Version: 1.2.0

Recommendation API

A Recommendation API can be used to suggest personalized recommendations based on the data stored in the feature sets. If you have two different feature sets, you can use a Recommendation API to find similarities between the features in those sets and recommend features that are similar in nature or data type.

A classifier can be considered as pattern recognition. Classifiers are used for recommending features based on pattern matching amongst different feature sets. For example, assume you specify a pattern for one feature set. If the same pattern appears in another feature set, the feature store will automatically recognize the pattern in the second feature set and recommend it to the user.

Feature store supports three types of classifiers:

Empty classifier - this classifier can only be assigned to the feature manually
Regex classifier - this classifier will be assigned to the feature after ingestion if the feature values match the configured regex. Regex classifier is typically used for numerical features.
Sample classifier - this classifier will be assigned to the feature after ingestion if the feature values match the configured sample data. Sample classifier is used for text-based features.

note

Classifiers can be defined only by the admins, and it applies to the entire feature store.

When multiple feature sets contain the same classifier, the Recommendation API generates a list of these feature sets.
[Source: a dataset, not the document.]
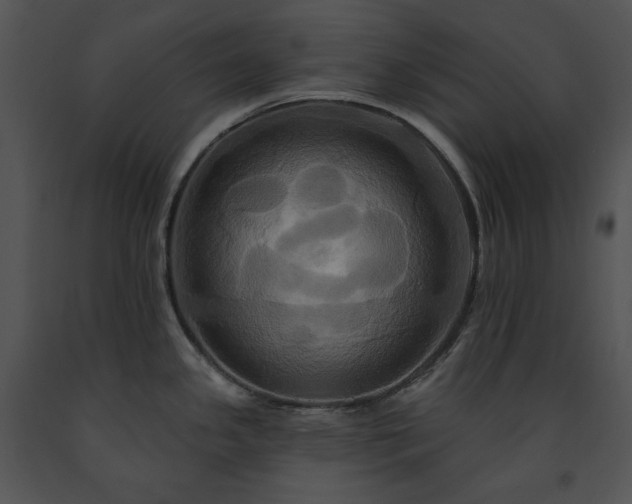 X0000091641341200708301351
This list then can be used for joining feature sets that have common classifiers.

Creating a regex classifier

Regex classifiers are used to check if the value of the feature matches the regular expression provided by the classifier specification.

Python
Scala

from featurestore import RegexClassifier

# Create a regex classifier for a feature "zipcode" if 90% of incoming data match a pattern of 5 digits.
client.classifiers.create(RegexClassifier("zipcode", "^\d{5}$", percentage_match=90))

zipcode is the name of the classifier
^\d{5}$ is the classifier pattern that begins and ends with 5 digits
percentage_match=90 indicates at least 90% of the numbers should be 5 digits. percentage_match defines the minimum percentage of data that should match the pattern.
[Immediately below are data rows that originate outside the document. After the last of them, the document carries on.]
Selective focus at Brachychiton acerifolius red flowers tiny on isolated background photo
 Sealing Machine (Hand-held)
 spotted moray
import ai.h2o.featurestore.core.collections.RegexClassifier

// Create a regex classifier for a feature "zipcode" if 90% of incoming data match a pattern of 5 digits.
client.classifiers.create(RegexClassifier("zipcode", "^\d{5}$", percentageMatch=90))

zipcode is the name of the classifier
^\d{5}$ is the classifier pattern that begins and ends with 5 digits
percentageMatch=90 indicates at least 90% of the numbers should be 5 digits. percentageMatch defines the minimum percentage of data that should match the pattern.

To check the output, run the following code, which will list all the classifiers you have created.

client.classifiers.list()

Output:

[
    RegexClassifier(name=zipcode, regex=^\d{5}$, percentage_match=90)
]

Creating a sample classifier

Sample classifiers partition an existing dataset to obtain a sample and find the closest pattern match on the new dataset.

Python
Scala

from featurestore import SampleClassifier

# Parameters included: Sampling fraction, Fuzzy distance and the minimum percentage that the data must match the pattern.
client.classifiers.create(SampleClassifier.from_feature_set(feature_set = fs, name = "countyname_classifier",  column_name="CountyName", sample_fraction=0.50, fuzzy_distance=1,  percentage_match=85))

feature_set is the feature set that you want to apply
name is the name of the classifier
column_name is the name of the column on which you create the classifier. You have to specify which text column you want to match.
sample_fraction specifies the fraction percentage of sample data that should be taken from the above column as opposed to taking the whole set of data. For example, the value specified above (0.50) indicates that only 50% of the sample data should be used from the above column.
fuzzy_distance means if you change one character, it should still match the pattern. For example, let’s say you have AZ for Arizona, and if there’s TZ somewhere, it will be treated as AZ because only one character is changed
percentage_match indicates that you want to match about 85% of the sample fraction

import ai.h2o.featurestore.core.collections.SampleClassifier

// Parameters included: Sampling fraction, Fuzzy distance and the minimum percentage that the data must match the pattern.
client.classifiers.create(SampleClassifier(name = "countyname_classifier", featureSet = fs, columnName="CountyName", sampeFraction=0.50, fuzzyDistance=1, percentageMatch=85))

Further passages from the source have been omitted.